Dune Ives knows a great recycling story when she sees one—and she sees it everywhere, from a woman’s garage filled with polypropylene to a recycling truck sending out postcards.

Part of her new job as Marketing Director at The Recycling Partnership will be to bring engaging, extraordinary stories to a wider audience.

Ives has worked in the field of environmental and climate change for more than 25 years, most recently as executive director of the environmental group Lonely Whale.
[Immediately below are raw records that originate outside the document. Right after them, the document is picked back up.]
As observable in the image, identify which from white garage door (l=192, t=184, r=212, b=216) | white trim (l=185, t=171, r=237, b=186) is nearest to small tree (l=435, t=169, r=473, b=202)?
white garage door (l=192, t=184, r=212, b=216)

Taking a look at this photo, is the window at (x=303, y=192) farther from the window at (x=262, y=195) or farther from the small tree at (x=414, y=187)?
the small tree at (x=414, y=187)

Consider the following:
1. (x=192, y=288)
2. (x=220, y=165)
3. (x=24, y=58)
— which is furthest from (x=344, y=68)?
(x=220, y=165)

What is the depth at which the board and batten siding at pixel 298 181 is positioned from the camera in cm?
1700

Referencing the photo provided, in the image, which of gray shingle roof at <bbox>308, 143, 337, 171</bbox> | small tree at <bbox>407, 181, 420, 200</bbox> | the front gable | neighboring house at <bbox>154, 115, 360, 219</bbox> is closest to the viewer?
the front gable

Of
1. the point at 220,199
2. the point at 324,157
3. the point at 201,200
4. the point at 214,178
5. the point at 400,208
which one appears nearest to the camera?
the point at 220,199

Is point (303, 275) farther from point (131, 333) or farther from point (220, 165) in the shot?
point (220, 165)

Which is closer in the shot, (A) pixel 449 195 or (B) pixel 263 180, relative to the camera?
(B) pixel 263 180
The organization has become known for its multimedia campaigns addressing issues such as ocean plastic pollution and reducing single-use plastics.

Ives brings her expertise to TRP, where she now leads a team that will work on campaigns and communications aimed at making recycling more personal and meaningful to the general public. “It could be a mascot. It could be in production. It could be green,” she said with a laugh.
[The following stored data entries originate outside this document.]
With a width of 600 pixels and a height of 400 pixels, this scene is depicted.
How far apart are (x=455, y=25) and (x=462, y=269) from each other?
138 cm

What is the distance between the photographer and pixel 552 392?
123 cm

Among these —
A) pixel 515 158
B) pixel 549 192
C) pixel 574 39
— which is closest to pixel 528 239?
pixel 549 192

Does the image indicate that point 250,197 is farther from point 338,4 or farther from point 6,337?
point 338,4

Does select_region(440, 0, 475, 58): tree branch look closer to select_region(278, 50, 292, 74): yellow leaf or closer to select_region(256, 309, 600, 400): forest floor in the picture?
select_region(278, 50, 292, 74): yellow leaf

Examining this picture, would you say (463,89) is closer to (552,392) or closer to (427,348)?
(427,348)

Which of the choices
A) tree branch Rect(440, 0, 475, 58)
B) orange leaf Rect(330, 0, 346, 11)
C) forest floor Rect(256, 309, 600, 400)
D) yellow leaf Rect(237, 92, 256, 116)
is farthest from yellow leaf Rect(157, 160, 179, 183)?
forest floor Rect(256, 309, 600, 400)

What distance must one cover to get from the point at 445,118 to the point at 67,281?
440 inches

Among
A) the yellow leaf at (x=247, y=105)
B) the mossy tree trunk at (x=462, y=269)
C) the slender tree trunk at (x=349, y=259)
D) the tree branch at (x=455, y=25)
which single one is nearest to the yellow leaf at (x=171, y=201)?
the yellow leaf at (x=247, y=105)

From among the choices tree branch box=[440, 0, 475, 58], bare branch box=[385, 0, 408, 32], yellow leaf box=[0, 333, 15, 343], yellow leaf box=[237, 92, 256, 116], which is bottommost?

A big part of her job will be to combat the idea that recycling doesn’t work. It’s something she plans to combat in her new role at TRP, by drawing attention to recyclers, municipalities and others who are using community programs and new technologies to improve collection. TRP is also working on campaigns to highlight efforts to make recycling more accessible.
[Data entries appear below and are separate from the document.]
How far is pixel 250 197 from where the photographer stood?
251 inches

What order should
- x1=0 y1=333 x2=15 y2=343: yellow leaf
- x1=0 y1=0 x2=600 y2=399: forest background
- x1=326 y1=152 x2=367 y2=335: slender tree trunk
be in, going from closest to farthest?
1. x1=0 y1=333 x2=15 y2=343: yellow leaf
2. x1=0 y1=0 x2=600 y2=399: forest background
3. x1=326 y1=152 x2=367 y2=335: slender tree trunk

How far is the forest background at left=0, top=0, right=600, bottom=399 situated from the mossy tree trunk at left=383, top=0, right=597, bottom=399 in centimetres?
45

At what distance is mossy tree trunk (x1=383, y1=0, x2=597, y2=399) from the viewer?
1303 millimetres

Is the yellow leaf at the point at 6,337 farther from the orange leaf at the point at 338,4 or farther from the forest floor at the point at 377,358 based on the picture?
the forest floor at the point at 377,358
“The truth is we have these recycling plants across the country, over 9,000 recycling programs and hundreds of thousands of people who work in recycling every day,” she said. “We have people who want to recycle, who want to see it work and know it works. We just need to tell that story more often.”

Ives spoke with Waste Dive about her new role and how The Recycling Partnership plans to continue working with municipalities and recyclers while also spreading its message to a wider audience.

This conversation has been edited for length and clarity.

WASTE DIVE: How is The Recycling Partnership approaching recycling campaigns aimed at the public in the near future and what have you learned from your previous roles that you will take with you into this job?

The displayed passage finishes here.